*How to complete this task*
Please give again, word for word, the lines that lie between the start of the listing below and the line with "H&O Direct Creative", both included.
======== Provided data
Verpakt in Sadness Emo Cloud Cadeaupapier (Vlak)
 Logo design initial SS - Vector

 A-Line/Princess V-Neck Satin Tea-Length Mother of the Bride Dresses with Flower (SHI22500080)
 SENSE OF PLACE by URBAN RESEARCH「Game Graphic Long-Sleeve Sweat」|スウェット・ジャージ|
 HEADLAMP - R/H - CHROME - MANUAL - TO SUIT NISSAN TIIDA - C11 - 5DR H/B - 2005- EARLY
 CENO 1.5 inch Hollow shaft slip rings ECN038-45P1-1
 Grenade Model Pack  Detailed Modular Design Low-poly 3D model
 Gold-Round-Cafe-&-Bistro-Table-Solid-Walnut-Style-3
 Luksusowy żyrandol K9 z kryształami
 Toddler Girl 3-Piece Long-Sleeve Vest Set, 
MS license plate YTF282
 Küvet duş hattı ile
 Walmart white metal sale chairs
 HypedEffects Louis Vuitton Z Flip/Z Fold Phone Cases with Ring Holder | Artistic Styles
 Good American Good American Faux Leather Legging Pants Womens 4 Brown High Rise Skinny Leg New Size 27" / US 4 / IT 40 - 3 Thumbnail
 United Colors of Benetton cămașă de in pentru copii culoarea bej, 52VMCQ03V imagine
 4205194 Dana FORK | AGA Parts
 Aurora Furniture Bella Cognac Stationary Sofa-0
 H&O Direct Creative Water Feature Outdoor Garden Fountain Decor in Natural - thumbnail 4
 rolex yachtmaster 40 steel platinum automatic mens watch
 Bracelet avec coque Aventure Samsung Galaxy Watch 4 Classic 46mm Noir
================
*Result of this exercise*
Verpakt in Sadness Emo Cloud Cadeaupapier (Vlak)
 Logo design initial SS - Vector

 A-Line/Princess V-Neck Satin Tea-Length Mother of the Bride Dresses with Flower (SHI22500080)
 SENSE OF PLACE by URBAN RESEARCH「Game Graphic Long-Sleeve Sweat」|スウェット・ジャージ|
 HEADLAMP - R/H - CHROME - MANUAL - TO SUIT NISSAN TIIDA - C11 - 5DR H/B - 2005- EARLY
 CENO 1.5 inch Hollow shaft slip rings ECN038-45P1-1
 Grenade Model Pack  Detailed Modular Design Low-poly 3D model
 Gold-Round-Cafe-&-Bistro-Table-Solid-Walnut-Style-3
 Luksusowy żyrandol K9 z kryształami
 Toddler Girl 3-Piece Long-Sleeve Vest Set, 
MS license plate YTF282
 Küvet duş hattı ile
 Walmart white metal sale chairs
 HypedEffects Louis Vuitton Z Flip/Z Fold Phone Cases with Ring Holder | Artistic Styles
 Good American Good American Faux Leather Legging Pants Womens 4 Brown High Rise Skinny Leg New Size 27" / US 4 / IT 40 - 3 Thumbnail
 United Colors of Benetton cămașă de in pentru copii culoarea bej, 52VMCQ03V imagine
 4205194 Dana FORK | AGA Parts
 Aurora Furniture Bella Cognac Stationary Sofa-0
 H&O Direct Creative Water Feature Outdoor Garden Fountain Decor in Natural - thumbnail 4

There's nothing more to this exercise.